Schiff Hardin’s Washington litigation head Jeffrey Jacobovitz is heading to the much smaller McCarthy, Sweeney & Harkaway on Friday. In a tough economy, Jacobovitz says there is a clear benefit to joining a small shop: “There’s a market out there for smaller cases and smaller companies that cannot afford the big firm in this economy.”
McCarthy, Sweeney has just 11 lawyers and one Washington office. Schiff Hardin, by comparison, houses more than 400 lawyers in seven offices across the country. Jacobovitz, who practiced at Schiff for three-and-a-half years, says at his new firm, he is “hoping to avoid conflict situations on cases and to have better control over my hourly rate.”
It’s becoming an increasingly common sentiment as the economy grows bleaker. In December, White & Case counsel Raymond Sullivan Jr. left the firm to become a partner at Baker, Donelson, Bearman, Caldwell & Berkowitz because he said the move would offer his clients “a friendlier rate structure.” And legal recruiters and consultants agree that some smaller and regional firms have been able to capitalize on the tough market by attracting talent that wouldn’t otherwise consider joining them and by attracting clients seeking lower rates.

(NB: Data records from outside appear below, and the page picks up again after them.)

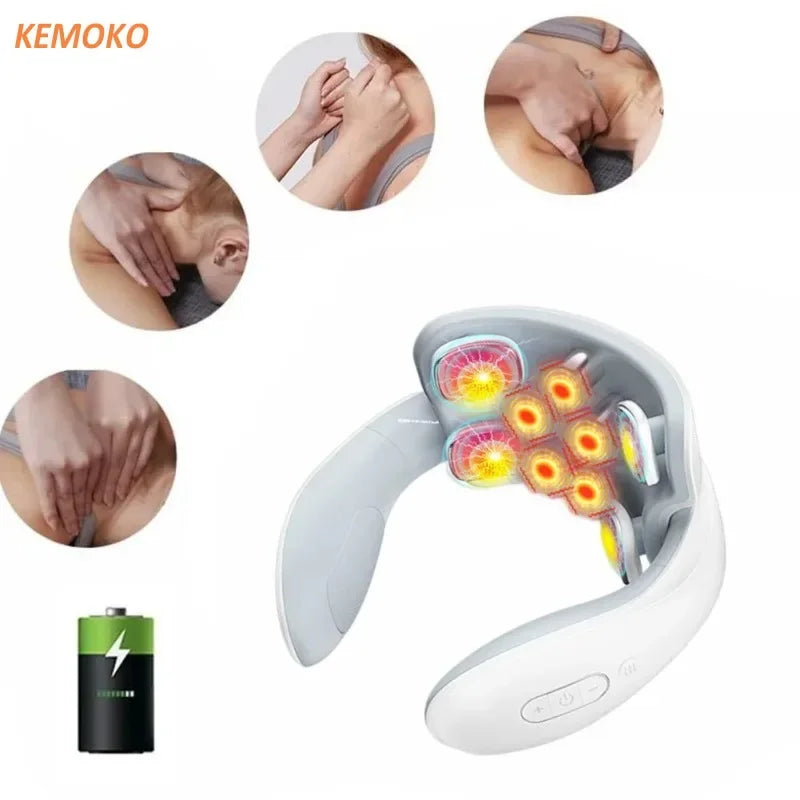 Shoulder Neck Massage Smart Back And Neck Massager Cervical Vertebra Health Care Vibrator Heating Relieve Pain Muscle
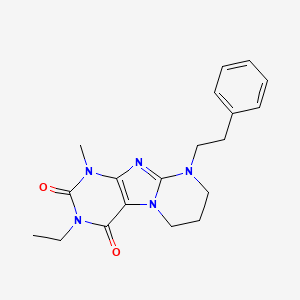 molecular formula C19H23N5O2 B5545743 3-ethyl-1-methyl-9-phenethyl-6,7,8,9-tetrahydropyrimido[2,1-f]purine-2,4(1H,3H)-dione 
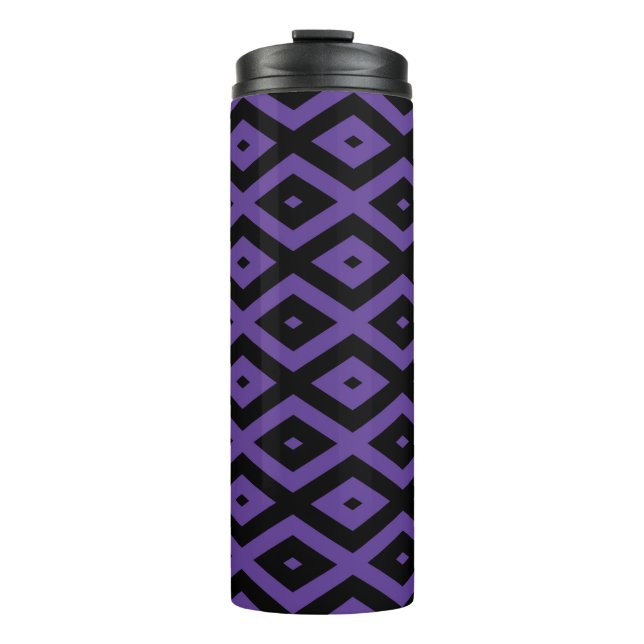 Violet and black diamond pattern thermal tumbler (Front)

Another Schiff Hardin partner, Garry Grossman, joined McCarthy, Sweeney last year, and Jacobovitz says Grossman helped convince him to make the move. Jacobovitz, who focuses on white-collar defense work, civil litigation, and antitrust matters, says all of his clients are coming with him. He has represented a number of high-profile clients in the past, including congressional aide John Albaugh, who pleaded guilty to a federal conspiracy charge in connection with the Jack Abramoff scandal.